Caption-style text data

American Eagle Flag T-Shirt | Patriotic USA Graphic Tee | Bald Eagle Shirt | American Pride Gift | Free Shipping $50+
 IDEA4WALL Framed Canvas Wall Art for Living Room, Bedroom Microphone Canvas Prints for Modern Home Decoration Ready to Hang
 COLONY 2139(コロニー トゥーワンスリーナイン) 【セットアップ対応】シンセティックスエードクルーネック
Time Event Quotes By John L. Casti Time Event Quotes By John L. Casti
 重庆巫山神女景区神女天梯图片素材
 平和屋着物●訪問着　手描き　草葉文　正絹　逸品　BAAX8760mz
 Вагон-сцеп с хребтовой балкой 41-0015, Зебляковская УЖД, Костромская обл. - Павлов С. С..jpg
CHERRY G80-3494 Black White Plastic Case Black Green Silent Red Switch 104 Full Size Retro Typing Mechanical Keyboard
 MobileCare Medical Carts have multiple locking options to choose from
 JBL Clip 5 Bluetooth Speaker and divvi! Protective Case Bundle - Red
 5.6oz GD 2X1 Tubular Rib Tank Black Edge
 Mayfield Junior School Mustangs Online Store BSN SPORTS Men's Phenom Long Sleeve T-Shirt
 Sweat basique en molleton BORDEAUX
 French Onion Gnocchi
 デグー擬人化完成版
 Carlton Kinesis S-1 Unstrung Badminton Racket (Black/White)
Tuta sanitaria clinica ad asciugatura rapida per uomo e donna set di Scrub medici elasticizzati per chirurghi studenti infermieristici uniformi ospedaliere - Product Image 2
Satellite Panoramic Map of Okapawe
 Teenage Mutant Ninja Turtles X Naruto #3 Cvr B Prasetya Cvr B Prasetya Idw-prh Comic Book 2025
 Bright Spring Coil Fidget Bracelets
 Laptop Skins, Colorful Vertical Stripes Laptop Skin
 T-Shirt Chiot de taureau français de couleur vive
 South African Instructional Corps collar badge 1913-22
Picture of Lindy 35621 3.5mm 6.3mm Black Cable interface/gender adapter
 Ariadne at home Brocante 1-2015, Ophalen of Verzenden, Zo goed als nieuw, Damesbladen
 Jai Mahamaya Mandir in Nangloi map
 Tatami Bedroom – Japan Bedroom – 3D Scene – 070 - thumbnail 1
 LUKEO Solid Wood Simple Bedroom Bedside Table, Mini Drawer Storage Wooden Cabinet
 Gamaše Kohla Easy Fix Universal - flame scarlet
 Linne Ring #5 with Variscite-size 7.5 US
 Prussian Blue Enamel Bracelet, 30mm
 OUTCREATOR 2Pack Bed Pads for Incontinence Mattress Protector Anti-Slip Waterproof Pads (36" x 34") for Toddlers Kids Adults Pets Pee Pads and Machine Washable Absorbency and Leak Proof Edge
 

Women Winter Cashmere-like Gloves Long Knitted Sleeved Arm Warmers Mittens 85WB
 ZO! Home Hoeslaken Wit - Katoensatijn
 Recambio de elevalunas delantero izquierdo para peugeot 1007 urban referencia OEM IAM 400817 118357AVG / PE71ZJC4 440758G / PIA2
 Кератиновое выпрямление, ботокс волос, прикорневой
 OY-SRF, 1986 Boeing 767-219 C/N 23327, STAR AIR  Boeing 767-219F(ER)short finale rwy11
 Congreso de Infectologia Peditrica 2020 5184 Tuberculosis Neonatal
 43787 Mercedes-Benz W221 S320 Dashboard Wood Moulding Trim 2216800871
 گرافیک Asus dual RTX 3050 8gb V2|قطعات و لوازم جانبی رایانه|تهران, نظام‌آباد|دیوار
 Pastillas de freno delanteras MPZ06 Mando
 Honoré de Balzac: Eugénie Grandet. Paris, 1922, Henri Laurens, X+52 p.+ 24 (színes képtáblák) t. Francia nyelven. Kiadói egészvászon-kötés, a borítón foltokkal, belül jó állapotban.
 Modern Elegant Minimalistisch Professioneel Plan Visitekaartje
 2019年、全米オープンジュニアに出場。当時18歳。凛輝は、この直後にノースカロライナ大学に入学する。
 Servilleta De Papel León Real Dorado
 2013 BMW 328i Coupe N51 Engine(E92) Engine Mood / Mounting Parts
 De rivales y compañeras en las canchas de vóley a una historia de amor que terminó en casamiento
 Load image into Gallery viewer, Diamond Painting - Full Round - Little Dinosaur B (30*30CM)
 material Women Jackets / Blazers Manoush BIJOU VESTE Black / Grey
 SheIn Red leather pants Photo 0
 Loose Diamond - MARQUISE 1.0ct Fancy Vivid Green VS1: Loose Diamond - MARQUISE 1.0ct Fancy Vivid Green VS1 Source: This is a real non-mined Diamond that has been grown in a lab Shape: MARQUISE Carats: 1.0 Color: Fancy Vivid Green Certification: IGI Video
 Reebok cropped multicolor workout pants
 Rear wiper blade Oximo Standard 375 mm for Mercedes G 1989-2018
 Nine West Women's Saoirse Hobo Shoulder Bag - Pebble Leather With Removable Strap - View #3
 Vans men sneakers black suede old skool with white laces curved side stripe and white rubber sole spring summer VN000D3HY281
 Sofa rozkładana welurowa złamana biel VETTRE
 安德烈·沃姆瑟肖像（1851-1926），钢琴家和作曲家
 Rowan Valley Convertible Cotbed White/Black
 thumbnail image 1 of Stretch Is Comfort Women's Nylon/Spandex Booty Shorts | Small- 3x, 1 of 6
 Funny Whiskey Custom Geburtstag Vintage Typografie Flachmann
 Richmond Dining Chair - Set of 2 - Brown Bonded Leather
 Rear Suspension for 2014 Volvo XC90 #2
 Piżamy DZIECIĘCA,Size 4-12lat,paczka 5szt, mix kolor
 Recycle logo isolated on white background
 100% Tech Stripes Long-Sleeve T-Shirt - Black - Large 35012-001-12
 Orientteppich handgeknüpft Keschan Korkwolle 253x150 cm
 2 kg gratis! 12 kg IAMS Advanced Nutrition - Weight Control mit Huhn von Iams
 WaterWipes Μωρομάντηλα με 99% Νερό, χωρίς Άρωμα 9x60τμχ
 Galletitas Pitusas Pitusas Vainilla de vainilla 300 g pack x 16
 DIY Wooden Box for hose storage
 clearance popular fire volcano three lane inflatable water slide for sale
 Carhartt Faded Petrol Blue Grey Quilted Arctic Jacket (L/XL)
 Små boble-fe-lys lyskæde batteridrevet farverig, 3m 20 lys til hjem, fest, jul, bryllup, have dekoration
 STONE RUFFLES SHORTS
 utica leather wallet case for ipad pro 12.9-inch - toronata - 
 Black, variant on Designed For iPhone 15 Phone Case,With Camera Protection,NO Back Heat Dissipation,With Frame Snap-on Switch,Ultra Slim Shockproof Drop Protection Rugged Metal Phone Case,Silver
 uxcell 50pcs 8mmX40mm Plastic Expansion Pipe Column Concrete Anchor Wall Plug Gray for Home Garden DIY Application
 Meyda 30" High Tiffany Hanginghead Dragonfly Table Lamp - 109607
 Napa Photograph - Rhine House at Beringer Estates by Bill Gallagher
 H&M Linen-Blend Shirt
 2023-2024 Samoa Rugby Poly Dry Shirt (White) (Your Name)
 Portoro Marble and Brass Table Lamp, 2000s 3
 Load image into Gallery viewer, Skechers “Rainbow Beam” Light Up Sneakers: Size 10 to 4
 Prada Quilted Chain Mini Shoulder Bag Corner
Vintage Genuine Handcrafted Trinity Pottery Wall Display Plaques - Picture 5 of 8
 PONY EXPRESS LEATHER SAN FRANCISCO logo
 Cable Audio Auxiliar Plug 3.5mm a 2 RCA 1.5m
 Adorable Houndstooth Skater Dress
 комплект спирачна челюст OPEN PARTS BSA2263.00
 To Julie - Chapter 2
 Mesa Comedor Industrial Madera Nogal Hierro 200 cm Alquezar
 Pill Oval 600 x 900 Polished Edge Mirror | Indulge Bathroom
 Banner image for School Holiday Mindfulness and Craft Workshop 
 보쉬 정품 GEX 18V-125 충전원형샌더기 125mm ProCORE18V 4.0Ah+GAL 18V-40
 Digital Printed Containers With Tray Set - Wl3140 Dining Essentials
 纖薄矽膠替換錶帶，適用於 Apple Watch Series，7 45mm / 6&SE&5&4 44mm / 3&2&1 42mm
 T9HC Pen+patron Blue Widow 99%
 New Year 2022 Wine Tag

* [Prompt]: Starting at the line that has "ZO! Home Hoeslaken Wit - Katoensatijn" in the records above, restate word for word every line until the one that has "Pastillas de freno delanteras MPZ06 Mando", and include that one as well.

* [Problem solution]:
 ZO! Home Hoeslaken Wit - Katoensatijn
 Recambio de elevalunas delantero izquierdo para peugeot 1007 urban referencia OEM IAM 400817 118357AVG / PE71ZJC4 440758G / PIA2
 Кератиновое выпрямление, ботокс волос, прикорневой
 OY-SRF, 1986 Boeing 767-219 C/N 23327, STAR AIR  Boeing 767-219F(ER)short finale rwy11
 Congreso de Infectologia Peditrica 2020 5184 Tuberculosis Neonatal
 43787 Mercedes-Benz W221 S320 Dashboard Wood Moulding Trim 2216800871
 گرافیک Asus dual RTX 3050 8gb V2|قطعات و لوازم جانبی رایانه|تهران, نظام‌آباد|دیوار
 Pastillas de freno delanteras MPZ06 Mando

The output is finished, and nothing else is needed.